Molly can’t finish her breakfast. In fact, she suddenly realises, as a strong waft of the pungent vapour from her untouched coffee reaches her nostrils and her stomach starts to churn alarmingly, that she really is going to be sick.
She only just makes it back to the bathroom, kneeling on the floor with her head over the toilet bowl as clumps of undigested porridge force their way back up and the room takes on the smell of rotting banana. Her tummy really aches now, with all the strain of bringing everything up. Oh God, it must be something she’s eaten. That lasagne she’d put aside half-cooked and then gone back to last night maybe? Two-day old mince was probably not such a good idea. Unless she’s caught some sort of bug? But Jack seemed fine this morning, and she hasn’t been near enough to anyone else she could possibly have caught it from. A glass of cold water should sort her out, then she really should go back to bed and sleep it off.

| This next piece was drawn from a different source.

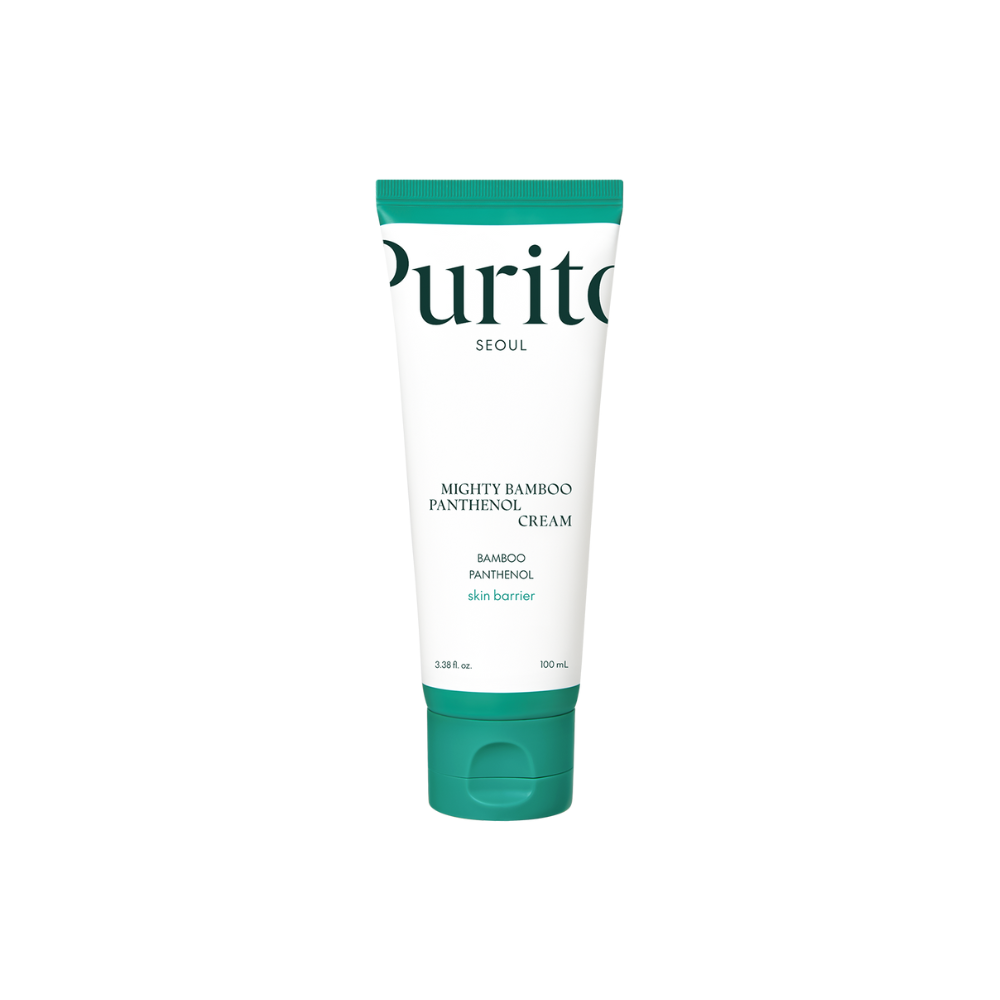 Purito Seoul | Mighty Bamboo Panthenol krema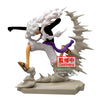 One Piece - Senkozekkei Monkey D. Luffy Gear 5 Figure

She flushes the toilet, gets up and rinses her mouth, then goes back into the kitchen. Maybe some paracetamol will help? She has only recently put them into the odds and ends drawer. Having only just moved in, she still knows exactly where everything is, right down to the last battery, reel of Sellotape and paperclip, and most of them are right here in this drawer. She takes two tablets out of their foil and swallows them, already feeling a bit better. She’ll probably be okay again by lunchtime if she takes a little nap.
She drops the packet back in the drawer, pushing a few bits aside to make room. A tube of superglue. Spare keys. Her diary, the small pocket-sized one that she doesn’t bother keeping in her bag anymore, now she has no appointments to worry about. And that’s when it hits her. Why didn’t she think of it before? She picks up the diary and flips to the page for this week. Jack’s mum’s birthday is coming up on Saturday. She must get a card, post a present or order flowers, remind him to ring. She turns the pages back, to their moving date last week, their anniversary the week before that. Five years already! And back again, and again, page after page until she finds it. The little tick she makes on period days. Always has, ever since she was thirteen and her first sight of bloodied knickers had almost frightened the life out of her. It’s the first tick she’s come to, and it’s – what? Nine weeks ago? Ten? She turns the pages again, slowly, one by one, but there are no more recent ticks than that. How can she not have noticed? Realised? Or did she just forget to tick the last time, what with being so busy with all the stress of the move?
Molly slumps into a kitchen chair and puts her hand instinctively to her tummy. The tightening waistband, the craving for biscuits, and now the sickness? They all add up to something she hadn’t expected at all. But she is, isn’t she? Expecting? She has to be.
Oh, God, what will Jack say? This was never part of his plan. A new job, a new start, having fun in London. A new life, that’s what he wanted, but nobody ever mentioned this sort of new life. The sort she feels almost sure is growing inside her.
She wonders if Rick sells pregnancy testing kits. He probably does. He seems to sell everything else. Because she has to be sure. It’s the only way to convince herself this is real. She can’t even begin to work out how she feels about any of it until she’s sure it’s real.